ALMEIDA GARRETT. Folhas caídas. Porto: Porto Editora, s. d. p.40. [Coleção Clássicos da Literatura Portuguesa). Biblioteca digital. 
Disponível em: <http://www.portoeditora.pt/bdigital/default.asp?param=08020100>Acesso em:11 dez.2009

Jazigo: sepultura. 
Fero: sanguinário, violento, cruel. 
Aziaga: de má sorte, de mau agouro. 

1. No primeiro verso o eu lírico estabelece uma oposição que irá desenvolver ao longo do poema. Que oposição é essa? 
> Pelo tema do poema, é possível fazer uma imagem do interlocutor a quem o eu lírico se dirige. Que interlocutor seria esse? Explique. 

2. Ao longo do poema, o eu lírico utiliza diferentes imagens para definir o amor. Quais são elas? 
> Que argumento é apresentado, na primeira estrofe, como demonstração de que o sentimento do eu lírico não pode ser identificado como amor? 

3. Também o querer é associado a imagens diversas, ao longo do poema. Quais são elas? 
> Qual é o sentido básico dessas imagens? Por quê? 

4. Podemos identificar, ao longo do poema, a história de um drama individual, de gosto bem romântico. Que drama seria esse? 
> Por que a oposição amor x querer ajuda a reforçar a ideia do amor como um dos principais valores românticos? 

Gabarito

1. A oposição entre amor e querer. 
> Como o eu lírico se preocupa em deixar claro que aquilo que sente é querer e não amor, pode-se imaginar que o seu interlocutor seja a mulher que desperta esse querer. Isso fica claro na declaração inicial: "Não te amo, quero-te". 

2. O amor é apresentado como um sentimento que vem da alma e, em seguida, como sendo sinônimo de vida. 
> Segundo o eu lírico, o amor vem da alma e, como na sua alma ele tem a "calma do jazigo" (ou seja, não há qualquer sentimento que agite a sua alma, ela se encontra tão calma como um túmulo), não pode estar vivendo um amor. Na segunda estrofe, quando associa o amor à vida, o eu lírico reafirma a impossibilidade de estar amando, já que a vida "nem sentida! A trago eu já comigo". 

3. O querer é apresentado como um sentimento bruto e fero, como algo que devora o sangue, como uma estrela de mau agouro que brilha no momento da perdição, como um furor, como algo que desperta medo e terror. 
> Todas as imagens associadas ao querer têm conotação negativa. A mais forte delas o apresenta como uma estrela de mau agouro que brilha no momento da perdição do indivíduo. O querer, quando toma conta de um indivíduo, portanto, é capaz de determinar um destino negativo, de tristeza e destruição. 
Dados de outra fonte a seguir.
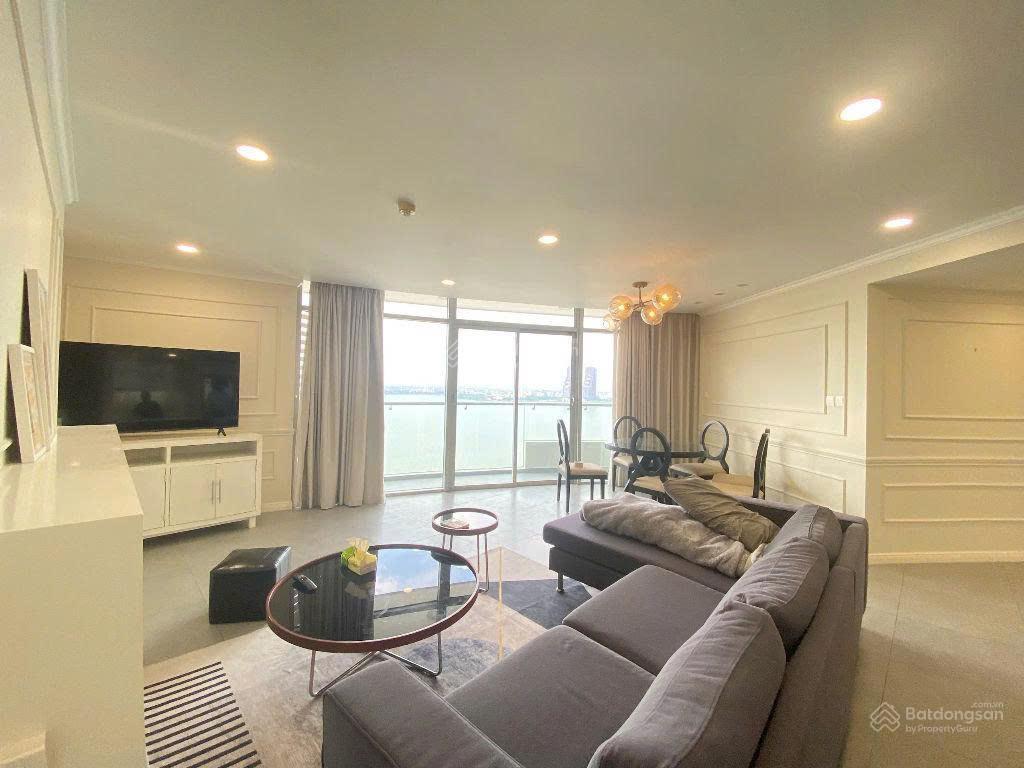 Bán căn hộ watermark 395 lạc long quân, 128m2, 3 pn, view hồ, tầng cao, ban công đb, giá 16,5 tỷ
4. O drama individual é vivido pelo eu lírico, que se confessa vítima de um querer incontrolável. Apesar e e e apresentar vários argumentos que identificam o querer como um sentimento negativo, não parece conseguir livrar-se desse fogo que lhe devora o sangue e faz com que sinta "medo e terror" da mulher capaz de aprisioná-lo de modo tão violento. A luta interna entre o sentimento desejado - o amor - e o indesejado - o querer - é um dos temas muito explorados pelos poetas românticos. 
> O poema explora a ideia romântica de que o amor é um sentimento nobre, algo que traz vida, calma e promove uma certa purificação do indivíduo. O querer, por outro lado, nasce dos desejos carnais, provoca descontrole, faz com que o indivíduo se veja "prisioneiro" do objeto de seu desejo. O poema de Garrett pode ser visto, nesse sentido, como um manifesto contra o desejo, já que o eu lírico passa todo o tempo lutando contra o querer que o aprisiona.